Оставшиеся заговорили было громко и бодро. Но они находились еще в космосе, а космос не терпит фальши, и вскоре искренность взяла верх, овеществившись в слезах. До того их сдерживали усилием, которое никто и никогда не сможет оценить, — сдерживали, чтобы не стало еще тяжелее на сердце у избранных лететь. Тяжесть на сердце мешает в пути больше, чем целые тонны другого груза, и оставшиеся приняли на себя и это бремя. Нет, не сказать, чтобы великая техника облегчила людям поиск новых материков!

Кира тоже плакала, неумело от непривычки. Она охотно отошла бы в угол, но в круглом зале не было углов; она лишь повернулась к стене и опустила голову пониже. Была тишина и приглушенные всхлипы не нарушали ее, а лишь подчеркивали глубину безмолвия. Показавшийся на пороге внутренней двери человек, уважая горе, тоже не сказал ни слова; только поднял руку, приглашая. Никто не заметил жеста. Тогда он сдержанно кашлянул; звук показался оглушительным, все вздрогнули и обернулись.

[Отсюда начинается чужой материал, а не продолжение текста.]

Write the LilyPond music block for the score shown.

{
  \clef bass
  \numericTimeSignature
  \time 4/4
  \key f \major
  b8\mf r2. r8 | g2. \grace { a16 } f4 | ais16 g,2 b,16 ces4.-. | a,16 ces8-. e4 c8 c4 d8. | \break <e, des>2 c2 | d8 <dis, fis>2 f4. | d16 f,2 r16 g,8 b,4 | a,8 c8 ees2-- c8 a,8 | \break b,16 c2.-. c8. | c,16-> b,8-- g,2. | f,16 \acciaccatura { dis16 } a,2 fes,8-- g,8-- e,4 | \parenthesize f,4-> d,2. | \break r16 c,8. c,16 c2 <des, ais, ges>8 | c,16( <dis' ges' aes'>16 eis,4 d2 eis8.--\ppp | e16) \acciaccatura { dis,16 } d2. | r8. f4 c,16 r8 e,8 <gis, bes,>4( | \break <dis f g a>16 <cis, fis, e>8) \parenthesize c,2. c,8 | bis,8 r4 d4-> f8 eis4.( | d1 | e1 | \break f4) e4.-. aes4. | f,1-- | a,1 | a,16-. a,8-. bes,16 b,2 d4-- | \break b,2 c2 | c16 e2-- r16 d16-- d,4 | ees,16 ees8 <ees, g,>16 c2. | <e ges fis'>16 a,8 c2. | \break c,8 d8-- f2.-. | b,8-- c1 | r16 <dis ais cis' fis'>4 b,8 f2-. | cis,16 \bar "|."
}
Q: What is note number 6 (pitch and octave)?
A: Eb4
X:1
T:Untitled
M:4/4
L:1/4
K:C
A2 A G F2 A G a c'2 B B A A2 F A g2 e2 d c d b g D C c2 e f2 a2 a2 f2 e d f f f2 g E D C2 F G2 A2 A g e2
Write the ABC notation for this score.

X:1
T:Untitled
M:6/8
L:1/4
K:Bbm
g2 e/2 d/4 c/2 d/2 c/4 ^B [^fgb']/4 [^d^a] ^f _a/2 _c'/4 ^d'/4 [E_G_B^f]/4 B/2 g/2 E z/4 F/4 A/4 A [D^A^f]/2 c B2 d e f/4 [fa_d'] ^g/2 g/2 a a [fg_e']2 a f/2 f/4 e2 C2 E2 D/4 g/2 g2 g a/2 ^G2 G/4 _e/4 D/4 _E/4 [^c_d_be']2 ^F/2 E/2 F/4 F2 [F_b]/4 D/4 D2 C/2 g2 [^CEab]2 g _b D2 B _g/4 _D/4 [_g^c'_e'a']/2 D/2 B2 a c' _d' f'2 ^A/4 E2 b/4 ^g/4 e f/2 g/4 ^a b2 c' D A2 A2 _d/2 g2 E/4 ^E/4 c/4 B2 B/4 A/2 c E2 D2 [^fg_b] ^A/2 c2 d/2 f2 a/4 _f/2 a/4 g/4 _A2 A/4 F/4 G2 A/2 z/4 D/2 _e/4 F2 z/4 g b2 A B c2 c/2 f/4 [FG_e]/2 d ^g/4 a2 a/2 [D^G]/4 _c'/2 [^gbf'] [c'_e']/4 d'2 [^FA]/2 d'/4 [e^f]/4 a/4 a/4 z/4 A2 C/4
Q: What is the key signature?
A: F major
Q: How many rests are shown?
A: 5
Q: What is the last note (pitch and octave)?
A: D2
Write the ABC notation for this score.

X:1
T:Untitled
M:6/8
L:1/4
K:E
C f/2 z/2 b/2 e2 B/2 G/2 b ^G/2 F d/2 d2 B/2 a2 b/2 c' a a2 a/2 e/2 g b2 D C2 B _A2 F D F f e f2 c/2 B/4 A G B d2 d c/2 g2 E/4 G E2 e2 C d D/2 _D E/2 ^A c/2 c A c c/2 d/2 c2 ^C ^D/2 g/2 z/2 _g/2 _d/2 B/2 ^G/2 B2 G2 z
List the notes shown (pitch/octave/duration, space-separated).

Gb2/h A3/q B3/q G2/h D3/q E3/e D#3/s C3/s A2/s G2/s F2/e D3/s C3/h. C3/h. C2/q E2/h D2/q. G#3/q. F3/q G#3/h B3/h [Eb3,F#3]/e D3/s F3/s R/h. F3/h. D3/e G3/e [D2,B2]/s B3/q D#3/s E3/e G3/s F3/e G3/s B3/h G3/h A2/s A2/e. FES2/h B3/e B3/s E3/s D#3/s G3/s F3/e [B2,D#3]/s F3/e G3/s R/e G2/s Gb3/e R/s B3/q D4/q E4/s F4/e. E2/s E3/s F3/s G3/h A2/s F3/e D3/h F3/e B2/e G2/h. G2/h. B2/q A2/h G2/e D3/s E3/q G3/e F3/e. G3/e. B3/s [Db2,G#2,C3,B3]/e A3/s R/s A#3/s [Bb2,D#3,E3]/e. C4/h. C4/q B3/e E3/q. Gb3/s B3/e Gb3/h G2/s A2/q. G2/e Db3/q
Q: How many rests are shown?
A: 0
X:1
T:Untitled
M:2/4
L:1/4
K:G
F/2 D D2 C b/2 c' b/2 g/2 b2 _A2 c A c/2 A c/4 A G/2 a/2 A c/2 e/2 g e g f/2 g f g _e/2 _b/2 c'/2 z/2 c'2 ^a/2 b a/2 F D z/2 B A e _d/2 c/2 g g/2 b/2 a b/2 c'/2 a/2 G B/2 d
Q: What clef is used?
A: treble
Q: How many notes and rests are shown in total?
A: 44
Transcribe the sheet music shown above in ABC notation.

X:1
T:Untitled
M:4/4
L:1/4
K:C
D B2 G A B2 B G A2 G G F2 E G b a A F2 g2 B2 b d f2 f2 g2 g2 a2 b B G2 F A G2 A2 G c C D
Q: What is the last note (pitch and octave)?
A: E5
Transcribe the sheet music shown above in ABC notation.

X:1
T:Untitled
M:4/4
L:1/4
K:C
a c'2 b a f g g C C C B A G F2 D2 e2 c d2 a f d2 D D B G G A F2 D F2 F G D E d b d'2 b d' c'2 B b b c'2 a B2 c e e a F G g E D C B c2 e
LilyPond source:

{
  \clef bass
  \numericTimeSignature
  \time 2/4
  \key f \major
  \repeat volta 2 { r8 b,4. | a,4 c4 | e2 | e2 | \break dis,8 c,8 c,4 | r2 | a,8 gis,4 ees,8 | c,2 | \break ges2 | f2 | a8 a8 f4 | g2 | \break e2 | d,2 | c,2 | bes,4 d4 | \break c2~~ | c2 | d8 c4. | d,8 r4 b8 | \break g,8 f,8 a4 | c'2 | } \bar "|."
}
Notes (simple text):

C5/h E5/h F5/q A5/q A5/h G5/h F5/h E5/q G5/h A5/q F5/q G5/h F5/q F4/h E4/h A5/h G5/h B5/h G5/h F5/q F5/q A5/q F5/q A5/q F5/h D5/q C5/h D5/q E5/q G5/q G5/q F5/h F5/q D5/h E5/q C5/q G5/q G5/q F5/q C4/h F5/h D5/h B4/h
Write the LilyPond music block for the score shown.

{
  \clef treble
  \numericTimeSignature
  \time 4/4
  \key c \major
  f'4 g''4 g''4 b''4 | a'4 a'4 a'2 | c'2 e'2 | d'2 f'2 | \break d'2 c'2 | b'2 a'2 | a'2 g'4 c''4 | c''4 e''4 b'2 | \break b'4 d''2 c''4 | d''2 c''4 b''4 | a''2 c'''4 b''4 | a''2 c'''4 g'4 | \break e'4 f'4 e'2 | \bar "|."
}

В салон ожидавшего их кораблика люди входили по одиночке, и по одному рассаживались. Свободных мест осталось много, а когда летели с Земли, их не было вовсе. Вспыхнули экраны. Планета плавно накатывалась на корабль. Гул двигателей протиснулся в салон. Забормотал автомат-информатор, советуя проверить защитную систему. Все было так же, когда летели сюда, — и совсем иначе: сейчас было всего лишь безжизненное отражение в зеркале — мнимое, как говорят оптики. Женщина закусила губу и почувствовала, как опять влажнеют щеки. Но космодром уже распахнулся перед нею, необъятное пастбище кораблей.

Посадка совершилась в ликующем грохоте: корабли редко сочувствуют людям. К вокзалу Кира шла по местами выжженной траве, пренебрегая туннелем. Она подставляла лицо ветерку, чтобы скорее высохли слезы. Пилоты приземельского корабля стояли поодаль, они были хмуры и прятали глаза, словно стыдились того, что вернулись в свой порт и семьи вскоре увидят их, а те, кто улетел, не вернутся ни в этом, ни во многих будущих поколениях и жены не встретят их никогда. Кира прошла мимо пилотов, высокомерно подняв заплаканное лицо и глядя покрасневшими базами поверх голов. Но пилоты не обиделись; младший из них пробормотал что-то о церемонии, в которой их кораблю была отведена немаловажная роль катафалка. Улететь безвозвратно всегда казалось ему завидным уделом; но сейчас, глядя вслед удаляющейся женщине, он впервые подумал, что человек — за чем бы ни устремлялся он, — едва ли не большее оставляет тут, на старой планете. Ему захотелось догнать женщину. Но Кира уже скрылась в путанице высоких мачт и косых плоскостей вокзала, за которым взлетели аграпланы, заставляя воздух на миг закручиваться смерчем.

3. Днем. Город

Через час с небольшим Кира сошла с рейсового аграплана на аэродроме своего города и направилась домой пешком, избрав самый длинный путь.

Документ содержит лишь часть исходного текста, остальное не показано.